A delightful depiction of the acting world

What happens backstage is always true drama. And often pure comedy. Such is the case of The Dresser, a film about an effeminate wardrobe man who is devoted to the deteriorating lead of the acting troupe he travels with. The film takes place in one night about a particularly difficult performance of William Shakespeare's King Lear. Albert Finney plays Sir, the lead role of the performance. He is in no condition to perform such a difficult role, yet he perseveres anyways with the help of his Dresser, Norman (Tom Courtenay). The two powerful leads are the highlight of this beautiful film.

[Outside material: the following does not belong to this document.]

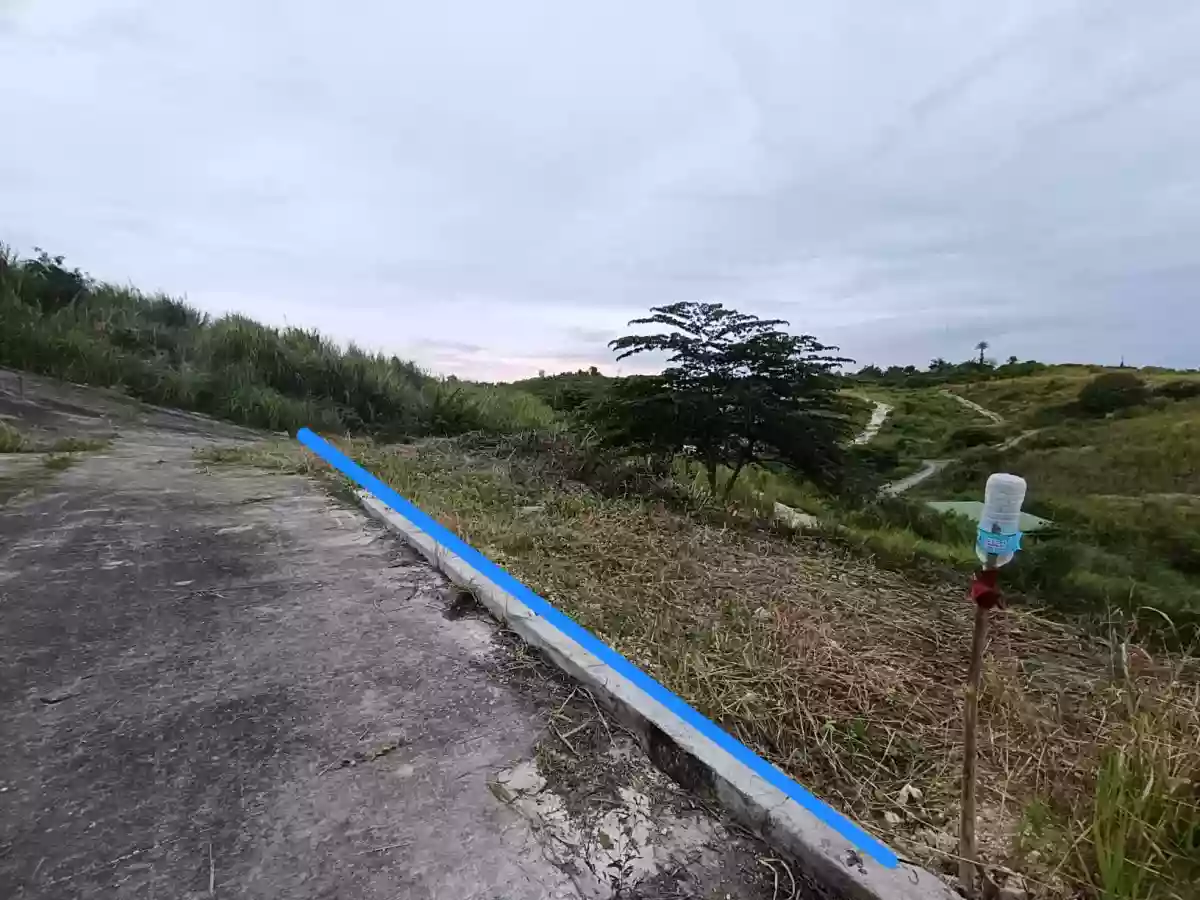 230sqm Residential Lot for Sale in Liloan — Residential Lot in Liloan, Cebu, Philippines — Photo 2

The Dresser is what acting is all about. It is an intriguing blend of film acting and stage acting. Albert Finney and Tom Courtenay give exquisite and robust performances. Their conflicting personalities make them a delightful pair to watch interact. The acting in this film has the kind of prowess and impact of a stage performance with its loud and exaggerated movements. This kind of acting only works in certain settings, and The Dresser is a perfect example of where it not only works but is very necessary. It allows for a detachment from reality, drawing one into the theatrical world, something which stands out in such a unique and perplexing way.

Peter Yates directs this film with precise and aesthetically glamorous grandeur. It is a grand film that doesn't go too far out of line and never gets lost in itself. Yates directs with a keen eye for subtle detail and sparkling brilliance. The film is written with the same kind of subdued wit and beauty, making the film fit together nicely. The dialouge is great and the actors who deliver it bring so much life to the characters and script that it makes for a brilliant expose of the acting world.

The Dresser is a great film that accomplishes beauty and immersion without an immaculate setting. The film is subtly fantastic. Definitely check this one out.